Department of Physical Medicine and Rehabilitation, Spinal Injury Rehabilitation Centre, Sanga, Nepal.
Spinal Cord Ser Cases. 2022 Sep 10;8(1):79. doi: 10.1038/s41394-022-00545-3.
Descriptive study.
To describe patient handling at injury site, number of healthcare centre transfers to reach tertiary trauma centre, modes of transportation, and time from injury to reaching tertiary trauma centres among individuals with acute traumatic spinal cord injury (tSCI).

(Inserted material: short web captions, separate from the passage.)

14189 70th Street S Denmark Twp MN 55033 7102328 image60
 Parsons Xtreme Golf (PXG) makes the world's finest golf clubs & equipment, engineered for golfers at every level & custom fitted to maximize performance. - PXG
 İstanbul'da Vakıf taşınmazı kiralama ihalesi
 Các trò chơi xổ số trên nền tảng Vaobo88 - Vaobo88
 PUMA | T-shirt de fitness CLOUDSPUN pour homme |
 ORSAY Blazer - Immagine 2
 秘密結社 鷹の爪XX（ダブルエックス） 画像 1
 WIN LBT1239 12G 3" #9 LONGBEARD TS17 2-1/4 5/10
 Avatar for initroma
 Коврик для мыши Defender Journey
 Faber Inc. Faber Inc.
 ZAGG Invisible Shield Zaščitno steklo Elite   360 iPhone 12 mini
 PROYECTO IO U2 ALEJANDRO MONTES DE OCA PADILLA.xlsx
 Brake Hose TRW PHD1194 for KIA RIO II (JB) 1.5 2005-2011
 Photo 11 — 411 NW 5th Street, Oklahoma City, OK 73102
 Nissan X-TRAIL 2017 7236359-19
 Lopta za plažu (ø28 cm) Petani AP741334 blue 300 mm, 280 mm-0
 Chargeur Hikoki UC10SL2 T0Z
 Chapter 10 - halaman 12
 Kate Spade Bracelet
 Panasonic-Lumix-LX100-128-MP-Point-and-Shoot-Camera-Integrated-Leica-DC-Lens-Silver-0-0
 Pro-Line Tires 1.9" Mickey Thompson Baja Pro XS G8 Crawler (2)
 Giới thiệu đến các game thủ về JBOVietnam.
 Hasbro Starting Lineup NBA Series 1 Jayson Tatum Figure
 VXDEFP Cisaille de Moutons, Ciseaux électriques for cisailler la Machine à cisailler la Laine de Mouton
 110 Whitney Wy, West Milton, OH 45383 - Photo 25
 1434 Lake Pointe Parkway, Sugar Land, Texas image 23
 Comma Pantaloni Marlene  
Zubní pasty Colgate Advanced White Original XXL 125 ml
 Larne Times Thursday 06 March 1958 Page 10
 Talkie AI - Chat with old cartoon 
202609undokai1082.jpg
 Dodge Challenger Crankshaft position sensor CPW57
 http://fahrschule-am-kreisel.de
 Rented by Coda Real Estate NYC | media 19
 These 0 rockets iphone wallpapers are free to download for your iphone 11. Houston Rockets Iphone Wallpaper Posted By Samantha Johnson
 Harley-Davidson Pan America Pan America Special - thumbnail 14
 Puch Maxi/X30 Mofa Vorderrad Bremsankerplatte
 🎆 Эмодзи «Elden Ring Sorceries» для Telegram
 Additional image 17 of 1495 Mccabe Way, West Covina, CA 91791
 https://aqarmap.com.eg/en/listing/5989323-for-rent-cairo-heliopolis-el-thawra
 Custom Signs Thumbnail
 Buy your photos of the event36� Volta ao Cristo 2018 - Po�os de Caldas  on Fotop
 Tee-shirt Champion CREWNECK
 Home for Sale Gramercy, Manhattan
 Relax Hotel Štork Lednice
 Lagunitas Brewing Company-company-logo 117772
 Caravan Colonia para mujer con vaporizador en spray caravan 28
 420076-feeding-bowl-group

Acute SCI rehabilitation centre, Nepal.
All individuals with new tSCI admitted for rehabilitation over period of 1 year were eligible for enrolment. Following written, informed consent, enroled individuals participated in structured one-on-one interview. Data collected included demographics, injury details, pre-hospital handling techniques, and transportation specifics to tertiary trauma centre.
In total, 211 individuals were enroled in the study. Eight (4%) individuals were assisted by first responders or traffic police, with majority (n = 203, 96%) assisted by untrained individuals. One was transferred from injury site using spinal motion restriction measures. Half were transported exclusively by ambulance while others used combinations of transportation. Six (3.4%) individuals were cared for by trained medical person during transport. Half required two or more hospital transfers prior to reaching a tertiary trauma centre. In total, 98 individuals required >24 h to reach the tertiary trauma centre.
Individuals sustaining a tSCI in Nepal often experience improper handling, multiple hospital transfers, and prolonged time to reach tertiary trauma centres following acute tSCI. Further expanding emergency medical response systems throughout the country, training and equipping first responders in spinal motion restriction techniques, and establishing clear referral pathways for individuals with suspected tSCI are warranted. Development in these specific areas may reduce morbidity and mortality following acute tSCI.
描述性研究。
描述损伤现场的患者搬运、到达三级创伤中心的医疗中心转数、运输方式以及急性创伤性脊髓损伤(tSCI)患者到达三级创伤中心的时间。
尼泊尔急性 SCI 康复中心。
在为期 1 年的康复期内,所有新确诊 tSCI 的患者都有资格参加。在获得书面知情同意后,入组患者参加了结构化的一对一访谈。收集的数据包括人口统计学资料、损伤细节、院前处理技术以及到达三级创伤中心的运输细节。
共有 211 名患者入组本研究。8 名(4%)患者由急救人员或交通警察协助,大多数(n=203,96%)由未经培训的人员协助。1 人在损伤现场使用了脊柱运动限制措施进行转运。一半人完全通过救护车进行转运,其他人则使用多种运输方式结合。6 名(3.4%)患者在转运过程中由受过训练的医务人员照顾。有一半人在到达三级创伤中心之前需要进行两次或更多次医院转院。总共有 98 人需要>24 小时才能到达三级创伤中心。
尼泊尔的 tSCI 患者在急性 tSCI 后,经常经历不当搬运、多次医院转院以及长时间才能到达三级创伤中心。进一步扩大全国范围内的紧急医疗响应系统,培训和装备急救人员的脊柱运动限制技术,并为疑似 tSCI 的患者建立明确的转诊途径是必要的。在这些特定领域的发展可能会降低急性 tSCI 后的发病率和死亡率。